• **THE PROBLEM**:
Reproduce verbatim the lines of the material below, starting at the line with "Experten zufolge ist" and ending at the line with "Presentation with trees", both inclusive; skip the rest.

• **MATERIAL FOR THIS EXERCISE**:
..........

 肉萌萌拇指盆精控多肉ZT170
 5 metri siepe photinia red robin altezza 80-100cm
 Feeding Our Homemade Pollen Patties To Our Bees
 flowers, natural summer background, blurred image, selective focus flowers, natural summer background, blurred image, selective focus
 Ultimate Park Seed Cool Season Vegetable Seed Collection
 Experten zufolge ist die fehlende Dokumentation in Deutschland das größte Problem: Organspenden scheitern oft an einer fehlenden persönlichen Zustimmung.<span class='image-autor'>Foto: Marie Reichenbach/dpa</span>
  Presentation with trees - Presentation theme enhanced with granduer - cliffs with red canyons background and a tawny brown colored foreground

..........

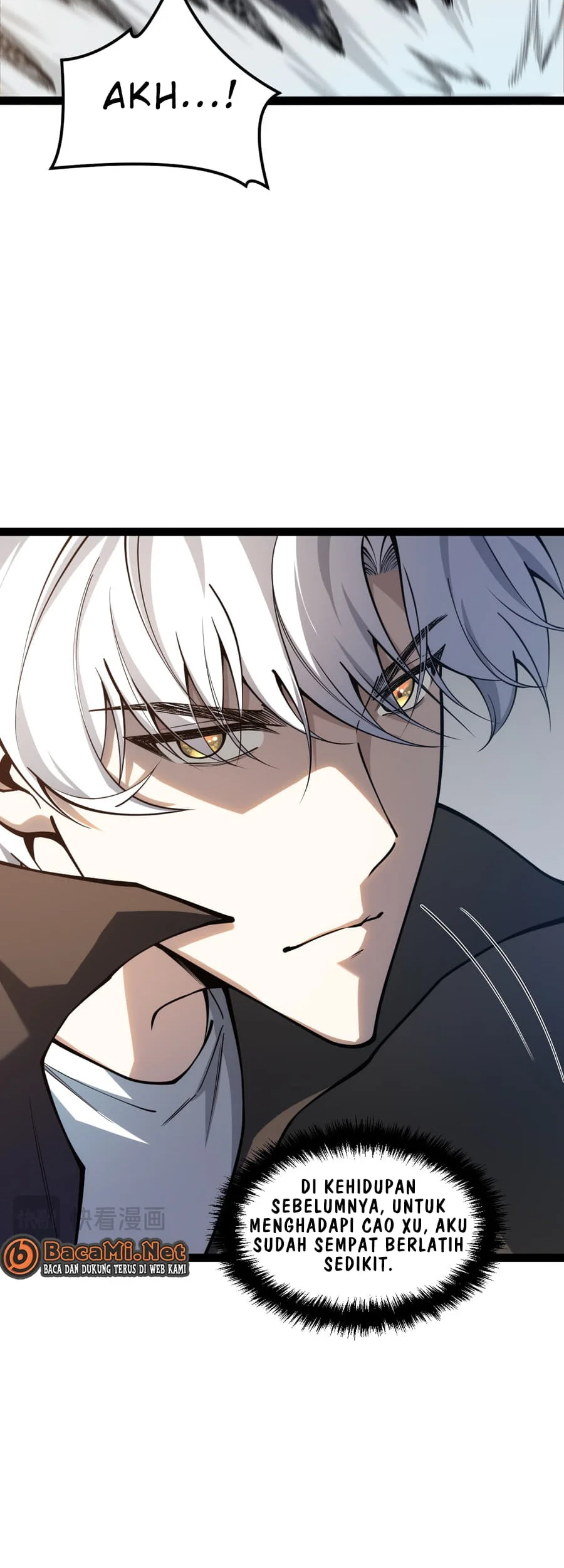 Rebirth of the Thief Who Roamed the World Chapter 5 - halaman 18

..........

• **RESULT OF THE EXERCISE**:
 Experten zufolge ist die fehlende Dokumentation in Deutschland das größte Problem: Organspenden scheitern oft an einer fehlenden persönlichen Zustimmung.<span class='image-autor'>Foto: Marie Reichenbach/dpa</span>
  Presentation with trees - Presentation theme enhanced with granduer - cliffs with red canyons background and a tawny brown colored foreground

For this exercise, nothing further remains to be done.